オスマン帝国の最盛期はスレイマン大帝の時代、とよく言われますが、彼がそのように評されるのは、先代のスルタンの努力による基礎があってこそ、ということを忘れてはいけません。

スレイマン大帝の父セリム1世は、ヤヴズ(Yavuz)、つまり「冷酷者」それゆえに「卓越した者」と呼ばれるほどの業績を残していることは、あまり知られていません。

セリム1世は、物心ついたころから父バヤジット2世の消極性に不満を抱えていました。
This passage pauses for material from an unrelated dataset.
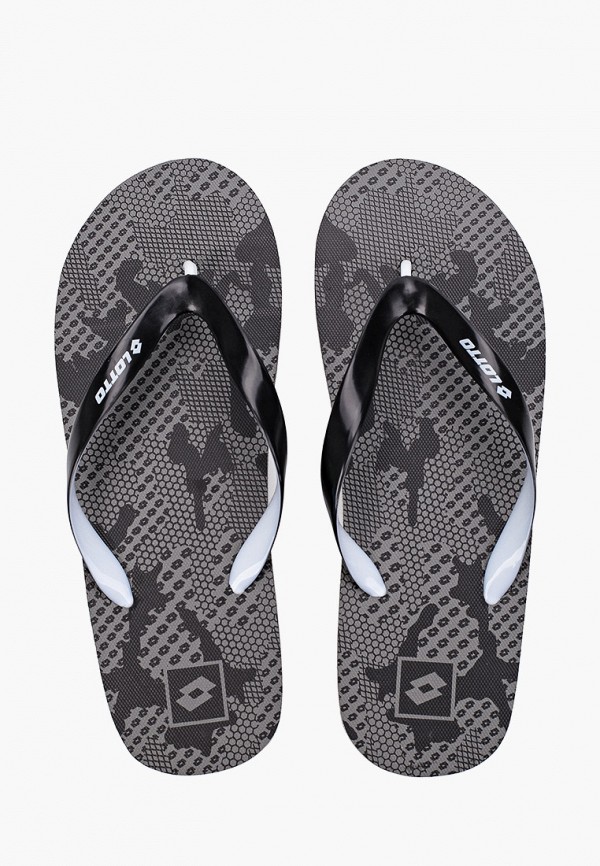 фото Сланцы lotto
上に兄弟がいたため、スルタンの継承順位は最下位であったのにもかかわらず、1512年に常備軍歩兵イェニ・チェリに擁立されて兄たちを排除すると、なんと父までをも退位させて自らスルタンの地位についたのです。

先代までのスルタンは、主にバルカン半島方面の進出に力を入れていたのとは対照的に、セリム1世は東方の領土拡大を推し進めるという政策をとりました。アナトリア半島におけるサファヴィー朝の妨害を排除し、現在のイラク北部にあたるクルディスタンや南アナトリアも制圧し、さらに東へ領土拡大を進めました。

またセリム1世はアラビア半島へも目を光らせていました。北アフリカのアルジェを占領、さらにマムルーク朝を滅ぼし首都カイロを落とすと、シリア、エジプト、パレスティナまでをも併合したのです。アッバース朝も完全に滅ぼし、聖地メッカ、メディナをオスマン帝国の保護下に置くまでに帝国を拡大させたことは、セリム1世の最も大きな業績のひとつであり、帝国をスンナ派イスラム世界のトップの座に押し上げることに成功したのです。

即位から9年後、病気を患って亡くなるまでの在位期間はわずか8年ほどであったのにも関わらず、この間にセリム1世は父バヤジット2世から受け継いだ領土を約3倍にまで拡大し、帝国の最盛期の土台をしっかりと造り上げたのちに、息子スレイマンに次のスルタンの座が継承されたのです。

そんなセリム1世は、コンスタンティノープルを陥落させた征服王メフメト2世を凌ぐほどの実力者と評されることもあります。セリム1世は、金角湾を見渡すことができるイスタンブール旧市街の小高い丘にある自身のモスクの敷地内の霊廟で眠っています。その棺の大きさや豪華な装飾、ほかの霊廟では感じることができない独特のずっしりとした雰囲気が、彼の偉大さを物語っています。